Full-suite pytest collision: RLS tests incompatible with function-scoped test_db fixture #145

Closed
opened 2026-04-24 14:30:22 +00:00 by chihlasm · 1 comment
Owner

UPDATE (2026-04-24 post-mortem)

The original framing of this issue focused on the test_rls_isolation.py fixture collision. That's real but secondary. The primary bug was much more dangerous and has been fixed in commit dab740d.

What actually happened

Running pytest tests/ inside the resolutionflow_backend container at Phase 9 Task 14 silently DROPPED THE DEV DATABASE SCHEMA. The backend crashed on startup with relation "users" does not exist and docker never restarted it — the dev environment was unusable until a manual container restart. Root cause was two layered bugs:

Bug 1 — conftest.TEST_DATABASE_URL preferred DATABASE_URL:

TEST_DATABASE_URL = os.environ.get(
    "DATABASE_URL",                    # ← production URL read FIRST
    os.environ.get("DATABASE_TEST_URL", "..."),
)

Inside the backend container, DATABASE_URL points at the dev DB. So pytest treated the dev DB as the test DB. The test_db fixture's DROP SCHEMA public CASCADE then wiped it.

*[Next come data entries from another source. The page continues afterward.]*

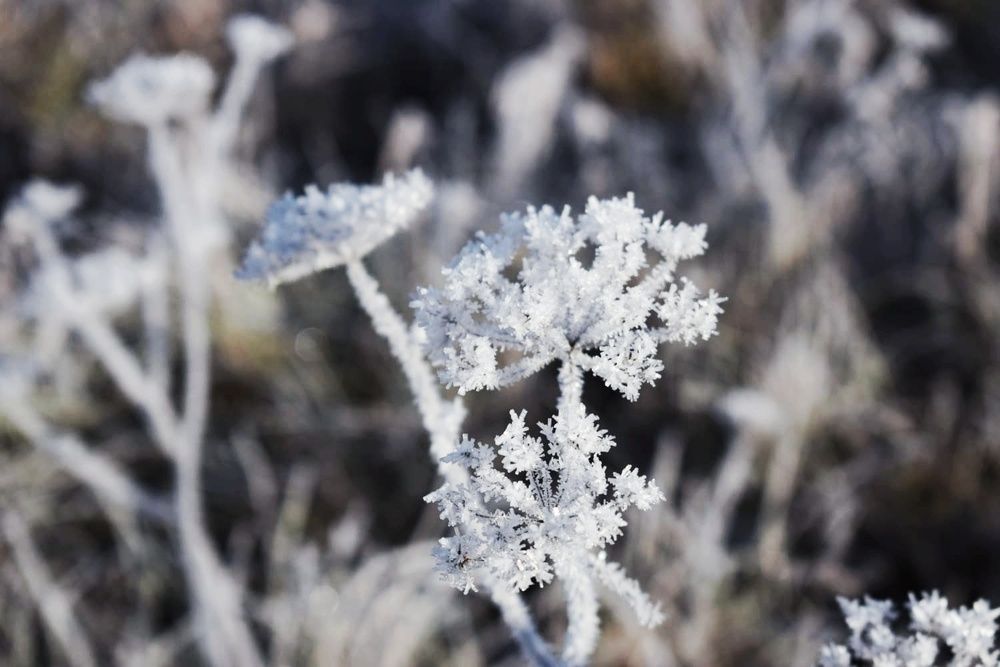 Photograph by Evelīna Radelicka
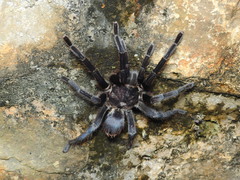Clavopelma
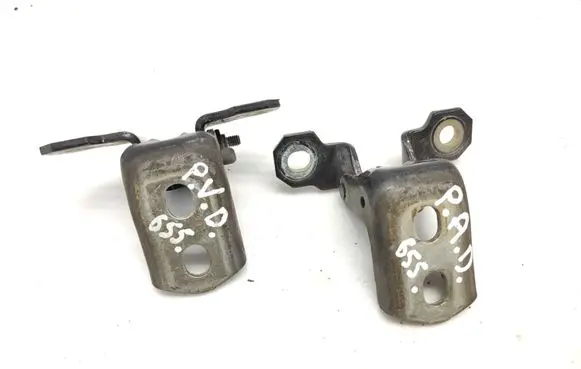 Renault Laguna III Front door hinge set NV676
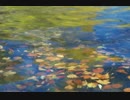 水の湧く場所
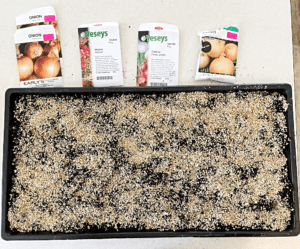 How to Grow Onions from Seed So Big You Can Brag About Them Shifting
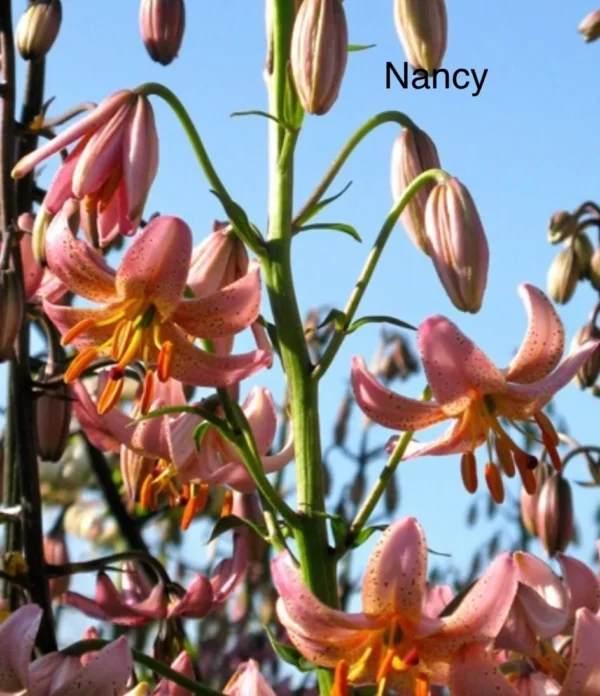 Pink lilies blooming under a clear sky.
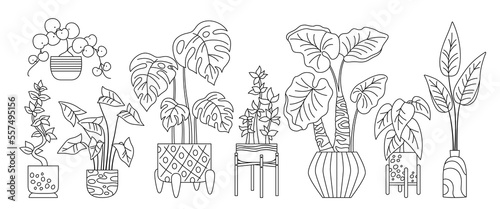 House potted plant, decorative doodle outline set. Exotic houseplants flowerpot for interior. Botanical house indoor blooming plants in pot, linear potted ceramic. Isolated jungle sketch vector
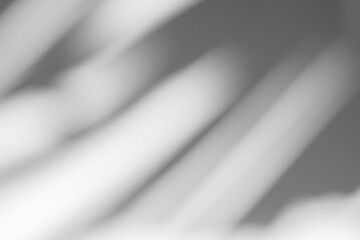 Wall interior background, studio and backdrops show products.with shadow from window color white and grey. background for text insertion and presentation product	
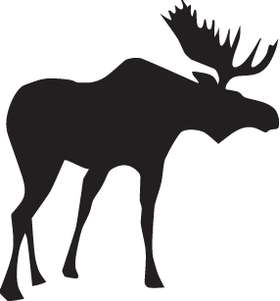 Moose Sticker 32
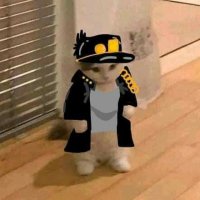 BonkiDule (@majinbouboujr) 's Twitter Profile Photo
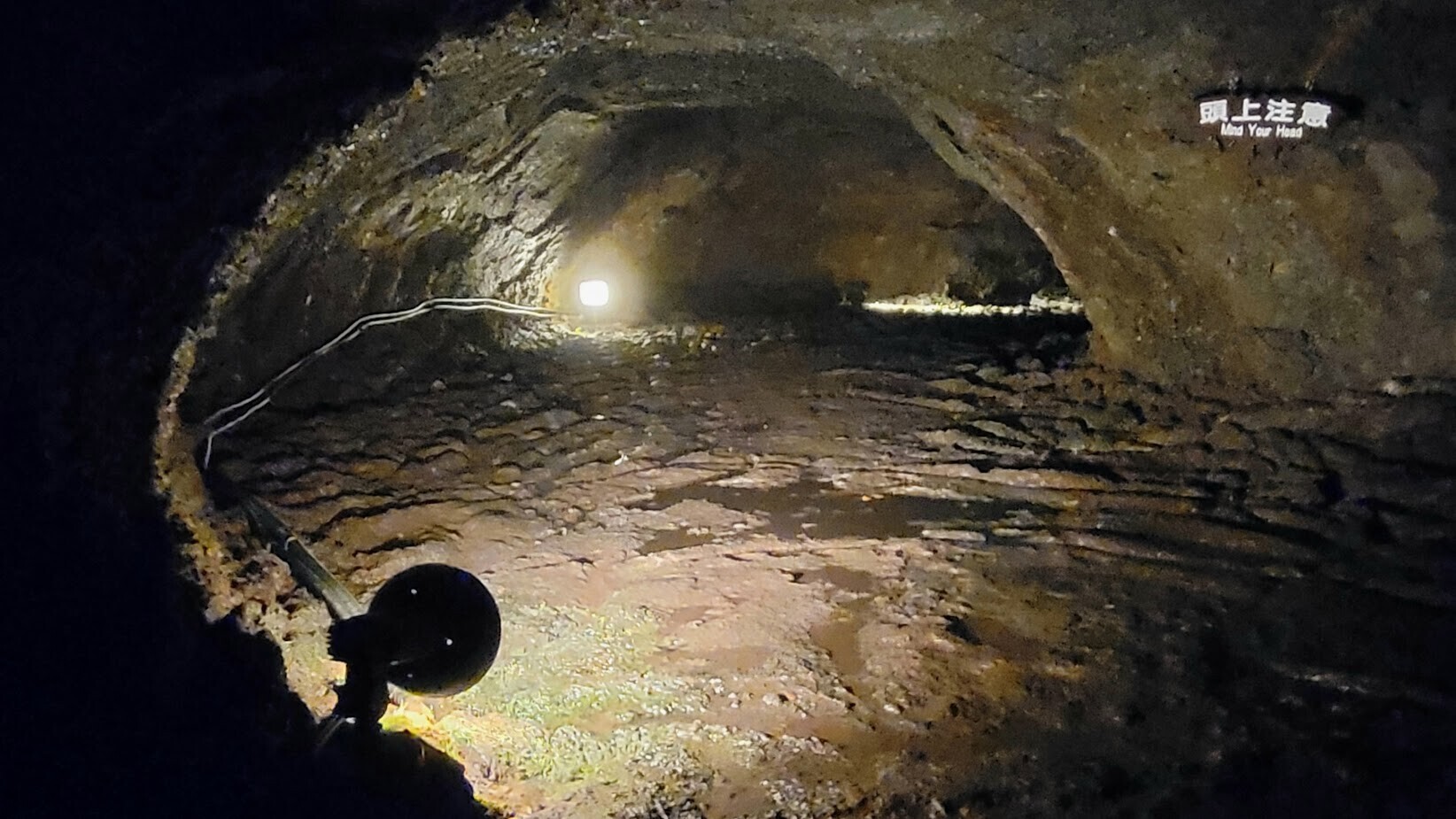 西湖のコウモリ洞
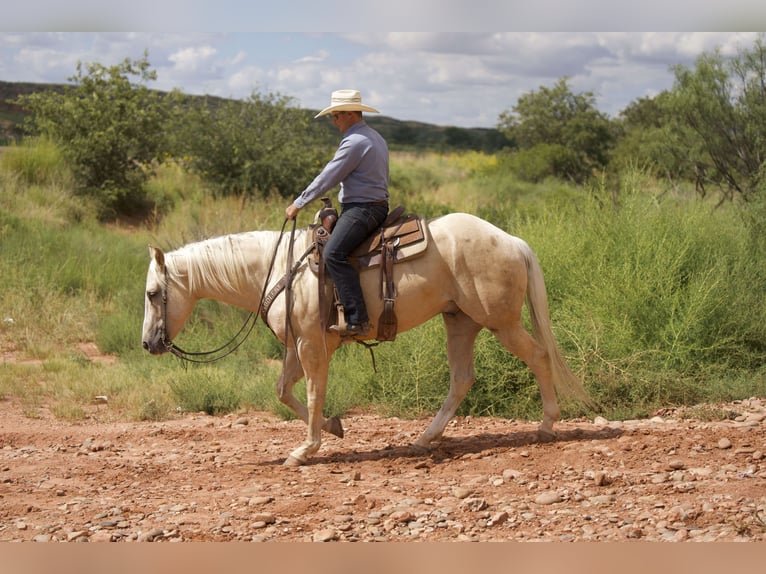 Caballo cuarto de milla Caballo castrado 6 años 155 cm Palomino in Waco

Bug 2 — get_admin_db was not overridden in app.dependency_overrides.

conftest.py overrode get_db but not get_admin_db. Endpoints using get_admin_db (register, admin routes, service accounts) bypassed the test session and hit the real admin DB. Before Bug 1 was fixed, both engines happened to point at the same dev DB, so this worked by accident.

Fix (shipped in dab740d)

  1. conftest.py now honors ONLY DATABASE_TEST_URL (or the localhost fallback). DATABASE_URL is never consulted for the test DB.
  2. An assertion at module load refuses to run pytest if TEST_DATABASE_URL's database name doesn't contain "test":
    assert "test" in _test_db_name, f"Refusing to run tests against {_test_db_name!r} — ..."
    
  3. conftest.py now also overrides get_admin_db to yield the same test session (RLS isn't enabled in the create_all-managed test schema, so sharing is safe).
  4. docker-compose.dev.yml now sets DATABASE_TEST_URL=postgresql+asyncpg://postgres:postgres@db:5432/resolutionflow_test so pytest in the container works out of the box (requires CREATE DATABASE resolutionflow_test; once — the DB has been created).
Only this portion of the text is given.